● **Exercise description**:
Would you please repeat exactly the entries below, starting at the line with "Apple Pi Hoodie (Framsida)" and ending at the line with "Sylveon ex Surging Sparks", and nothing outside that range? Leave out the pictures.
━━━━━ Data records ━━━━━
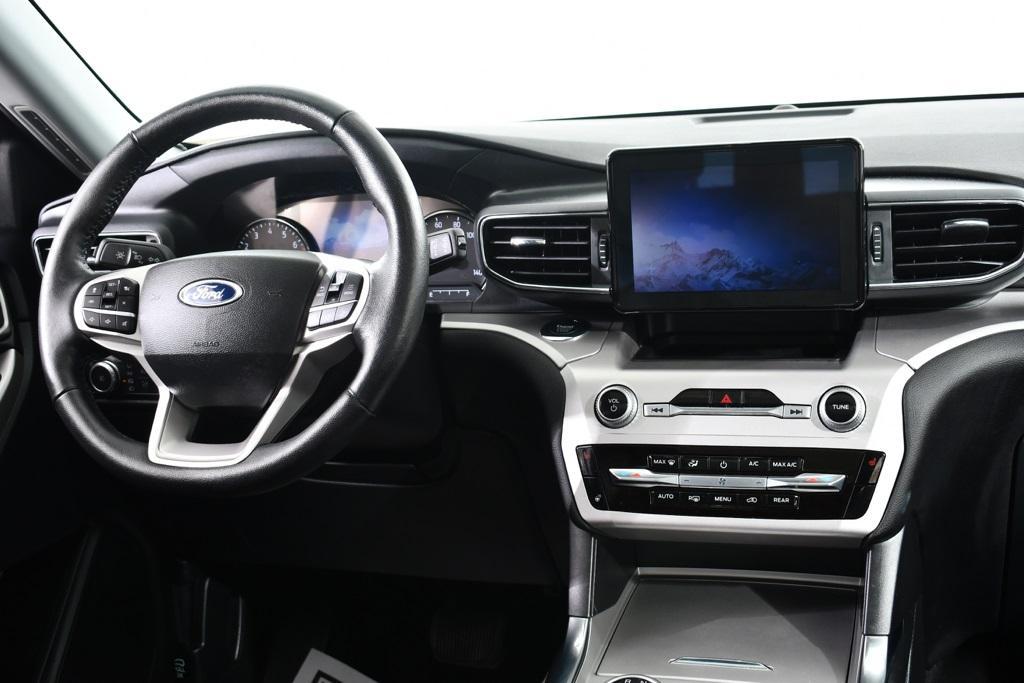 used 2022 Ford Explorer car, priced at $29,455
━━━━━
━━━━━ Data records ━━━━━
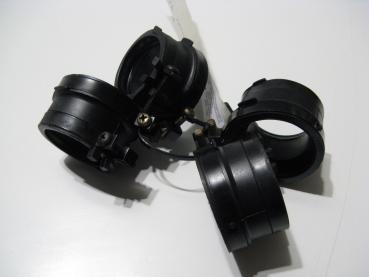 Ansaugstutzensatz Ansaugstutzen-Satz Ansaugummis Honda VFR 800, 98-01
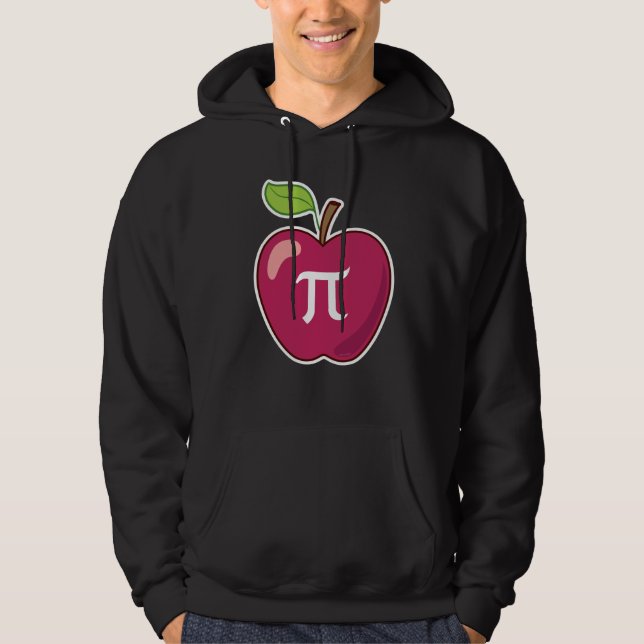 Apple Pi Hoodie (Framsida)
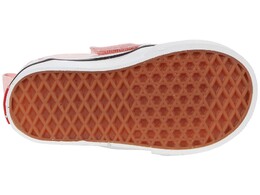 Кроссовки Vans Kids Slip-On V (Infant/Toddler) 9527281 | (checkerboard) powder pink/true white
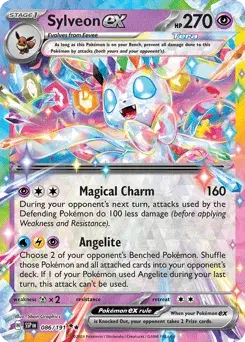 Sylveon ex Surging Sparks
━━━━━
● **Problem solution**:
 Apple Pi Hoodie (Framsida)
 Кроссовки Vans Kids Slip-On V (Infant/Toddler) 9527281 | (checkerboard) powder pink/true white
 Sylveon ex Surging Sparks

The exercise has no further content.